As said, I am considering upgrading my setup but I do wonder if the multi-processing of dataloader can fully utilize all the P-cores and E-cores on Intel’s new 13th gen.
Based on my reading of the code of DataLoader, it seems like the speed difference between P-core and E-core won’t trigger performance issues. Still, I am asking this here to make sure of it.
I don’t think DataLoader has been tested on those hardware yet.
Based on my little understanding on the new CPUs, I would think there shouldn’t be significant differences but it is hard to tell. It depends on the task at hand (whether the data loading processes are compute-bound or IO-bound), and how well the CPU schedules/balances work between the P-core and E-core.
Please let us know if you have compared different generations of Intel CPUs and found noticeable performance differences.
Hi @nivek, I happen to have a personal i7 13th gen CPU at home and one i7 12th gen CPU at work, and I do observe significant (2x) slowdown of the same process on the 13th gen compared to the 12th gen.
I tried hard to explain this from code version differences this morning, but both machines are up-to-date arch installs with the same torch version 2.2.1, so I ended up suspecting hardware. I’m not exactly sure how I can help you know further about the problem, but I’m happy to help ^ ^"
import torch
torch.manual_seed(12)
torch.set_num_threads(1)
def batched_dot_mul_sum(a, b):
"""Computes batched dot by multiplying and summing"""
return a.mul(b).sum(-1)
def batched_dot_bmm(a, b):
"""Computes batched dot by reducing to ``bmm``"""

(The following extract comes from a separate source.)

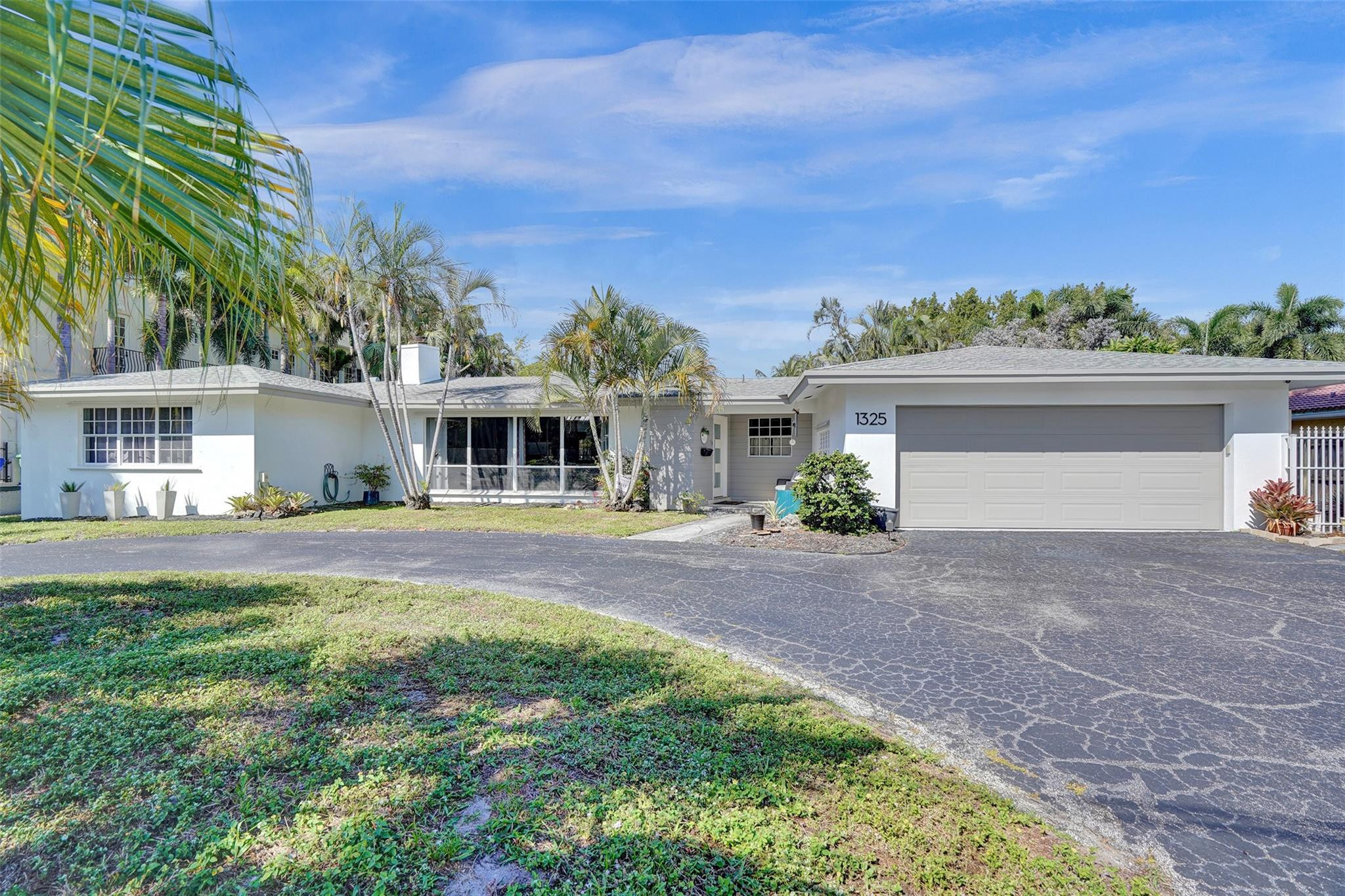 1325 Middle River Dr - 1325 Middle River Dr, Fort Lauderdale, FL 33304 Luxury Property | Jose Angel Pina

a = a.reshape(-1, 1, a.shape[-1])
b = b.reshape(-1, b.shape[-1], 1)
return torch.bmm(a, b).flatten(-3)
# Input for benchmarking.
x = torch.randn(1_000_000, 640)
# Ensure that both functions compute the same output.
assert batched_dot_mul_sum(x, x).allclose(batched_dot_bmm(x, x))
On the i7 12th machine:
$ time python benchmark.py
real 4,82s
user 4,18s
sys 0,63s
On the i7 13th machine:
$ time python benchmark.py
real 10,57s
user 9,39s
sys 1,16s